Biruni, “Ortaçağın en büyük bilim dehası” olarak anılmaktadır. İbn Sina (980–1037) – Tıp ve Felsefe Bugünkü Özbekistan’a yakın Buhara bölgesinde doğmuştur. El-Kanun fi’t-Tıbb eseri, 17. yüzyıla kadar Avrupa ve Asya’da temel tıp kitabı olmuştur. Tıp, kimya, psikoloji ve felsefede çağlar üstü bir etkiye sahiptir.

Ebu Nasr el-Farabi (872–950) – Felsefe, Mantık, Bilim Teorisi Farabi, Otrar (Fârâb) bölgesinde doğmuştur. Bilim sınıflandırmaları, mantık, müzik ve felsefe alanlarında dünya düşünce tarihinin en önemli isimlerindendir.

Mahmud el-Kaşgari (1008–1105) – Dilbilim ve Etnografya Kaşgar kökenli olsa da Türkistan coğrafyasında çalışmıştır. Divanu Lugati’t-Türk, Türk dilleri üzerine yazılmış en eski ve en kapsamlı eserdir.

Zamahşeri (1075–1144) – Dilbilim ve Tefsir Harezm bölgesinde doğmuş büyük bir dilbilimci ve İslam âlimidir. Arap dili ve edebiyatı üzerine yaptığı çalışmalar hâlen referans kabul edilmektedir.

Ali Kuşçu (1403–1474) – Matematik ve Astronomi Aslen Semerkantlıdır; Uluğ Bey'in öğrencisi ve rasathane ekibinin önemli bir parçasıdır. Güneş’in eksen eğikliği ve trigonometrik hesaplamalar konusunda önemli çalışmalar yapmıştır. Bu bilim adamlarının bu topraklarda hayat bulması bile şahsımı son derece etkilemiştir. Ayrıca Timur Leng(Timurlenk), 14. yüzyılda yaşamış Türk-Moğol kökenli büyük bir fatih, Timur İmparatorluğu’nun kurucusudur.
1336–1405 yılları arasında yaşamış, Orta Asya’dan Hindistan’a ve Anadolu’ya kadar geniş bir bölgeyi fethetmiştir. Hem askeri dehası hem de sertliği ile tanınmaktadır.

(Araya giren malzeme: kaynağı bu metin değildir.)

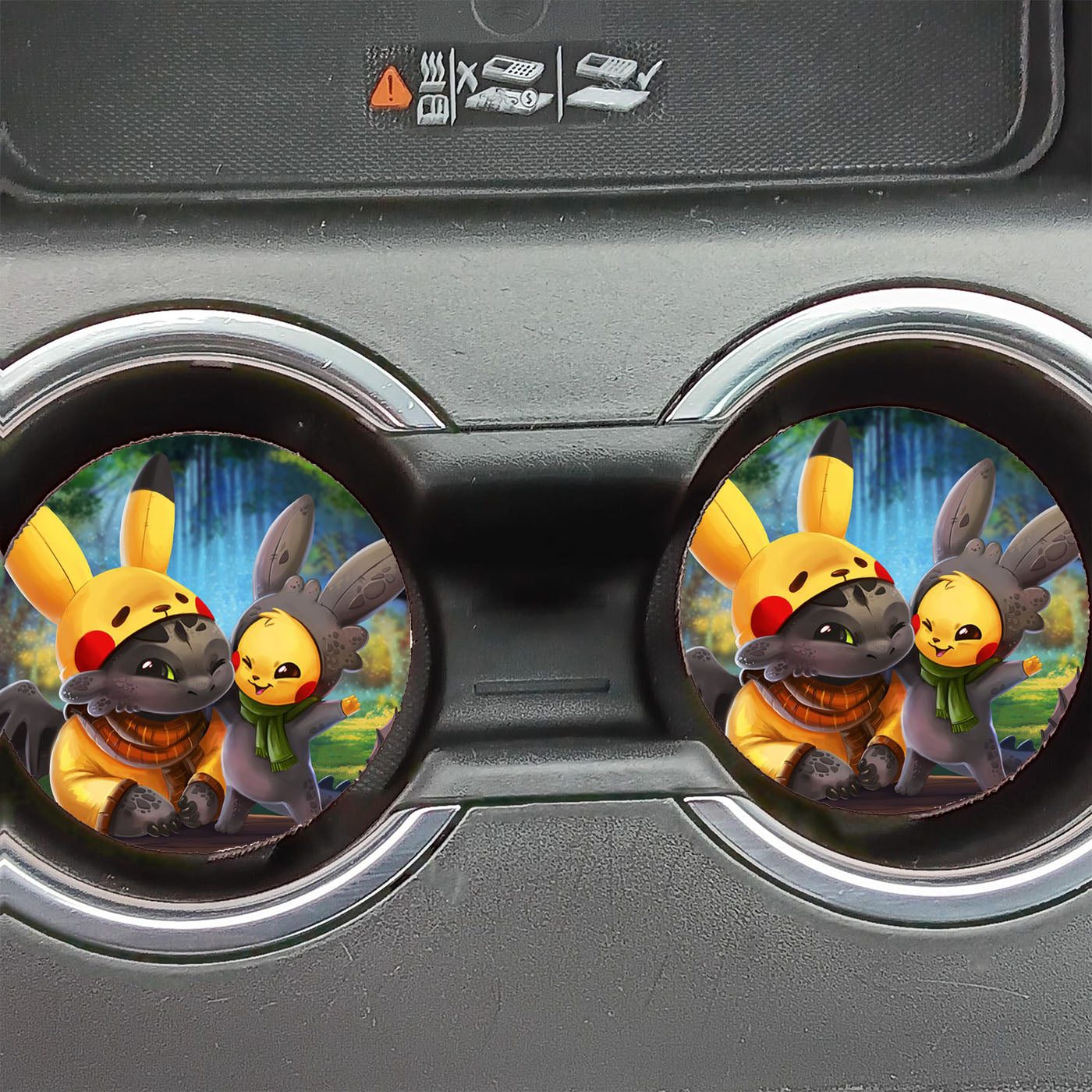 Pikachu And Toothless Car Coasters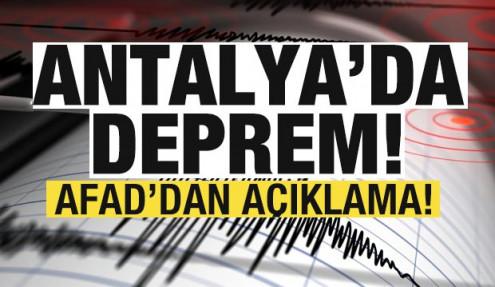Antalya'da peş peşe depremler! AFAD'dan son dakika açıklaması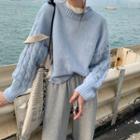 Cable Knit Sweater Blue - One Size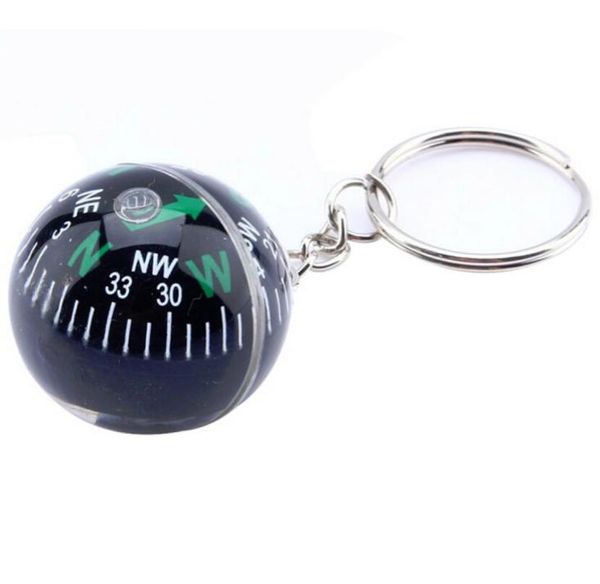 WholeFuLang Bola de Cristal Bússola Chaveiro 28mm Bússola Cheia de Líquido Para Caminhadas Camping Viagem GPS Sobrevivência Ao Ar Livre FZ883910952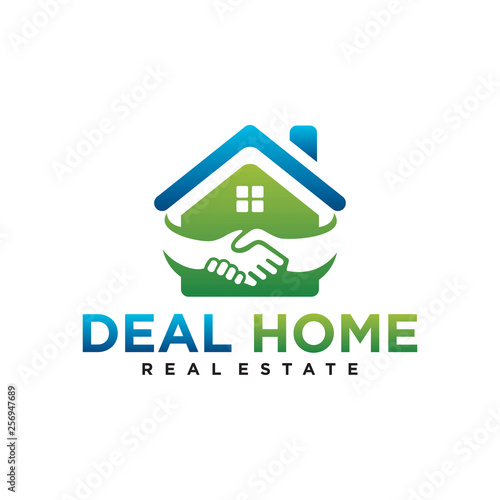 deal home logo design template element with handshake illustration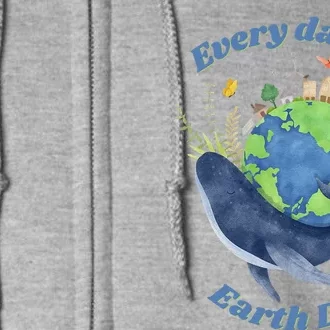 Every Day Is Earth Day Save The Planet Message Full Zip Hoodie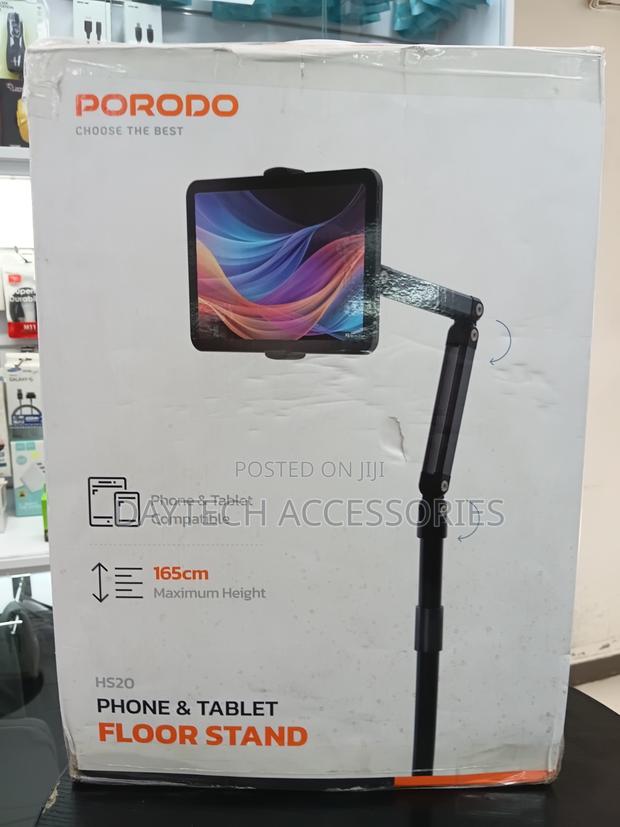 Porodo Phone Tablet Floor Stand Full Axis Rotation - Black
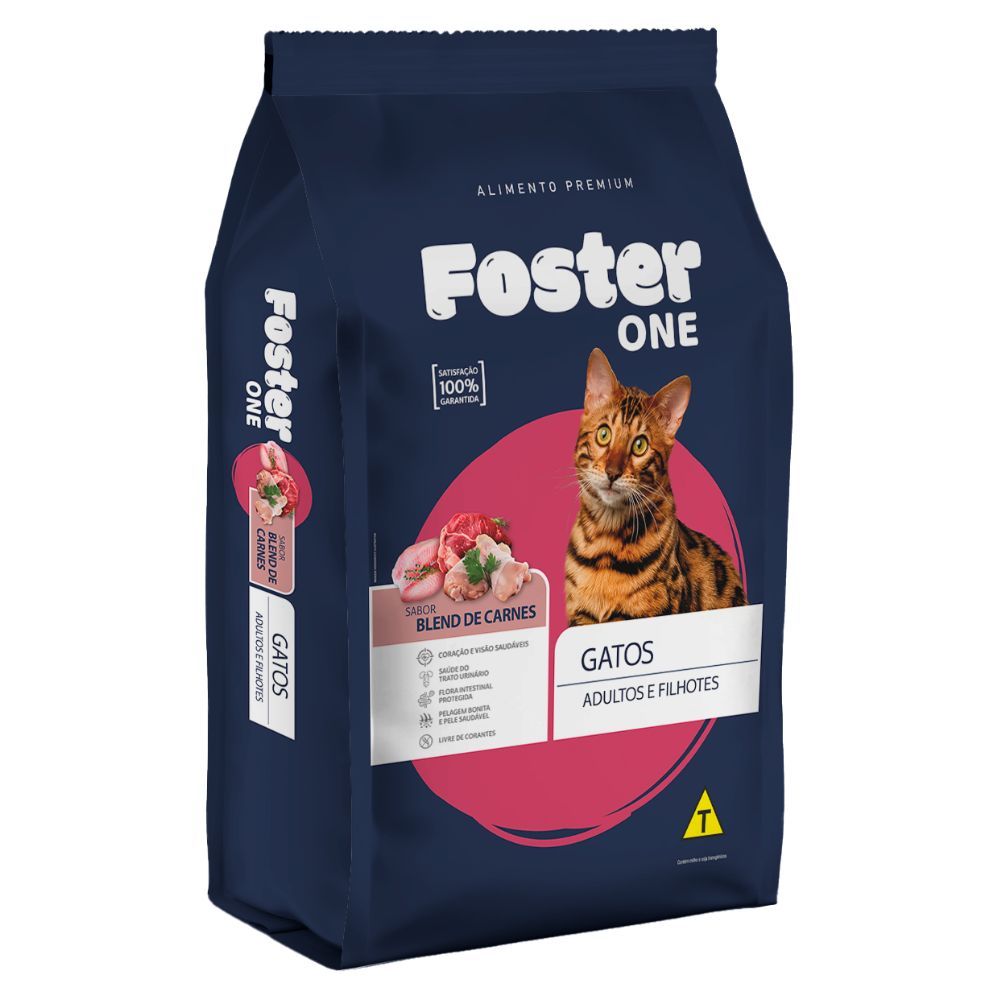 Ração para Gatos Foster One Adultos e Filhotes sabor Blend de Carne 1kg em Oferta na Shopee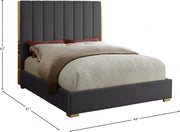 Becca Velvet Full Bed Grey - BeccaGrey-F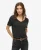 Superdry Vrouwen Studios Slub T-shirt met V-hals en Borduursel Zwart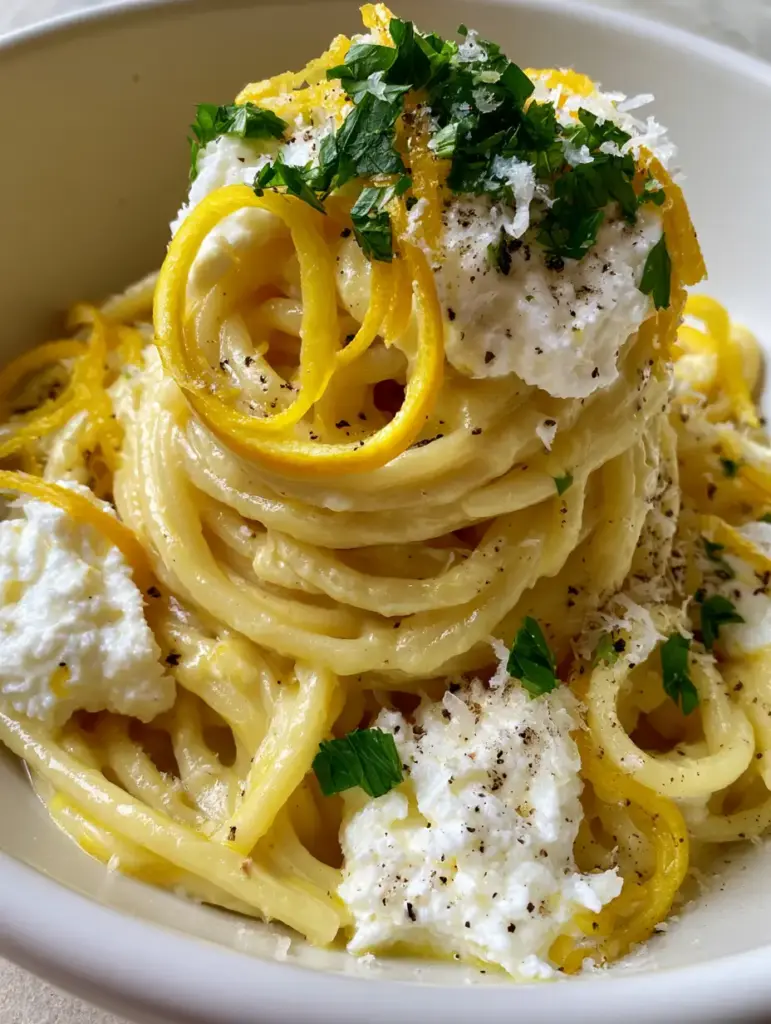 Vue aérienne de la ricotta floconneuse sur un tourbillon de spaghetti citron et ricotta.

Başkenti Semerkant’ı önemli bir kültür merkezi yapmıştır. Timur’un mezarını da ziyaret etmek te farklı bir duygudur. Bu turistik geziye katılmamıza ve birçok bilgi hafızalarımıza kazınmasına ve bu toprakları görmemize sebep olan kıymetli hocamız Prof. Dr. Şevki Hoşağası Tülin Hoşağasına Eşim Prof. Dr. Enver Ozan’a teşekkür ederim.
Ayrıca böyle güzel bir organizasyonu gerçekleştiren, bir aile şirketi olan Ayanis Tur sahibi Abdullah Tunçdemir’e, rehber  Golip Zaripov’a, Cesur Beye, Onur Tunçdemire ve bu tura katılan bir haftadır aynı atmosferi soluduğumuz çok kıymetli
katılımcılara zerafetleri, nezaketleri, dost hane ilişkileri için çok teşekkür ederim”dedi.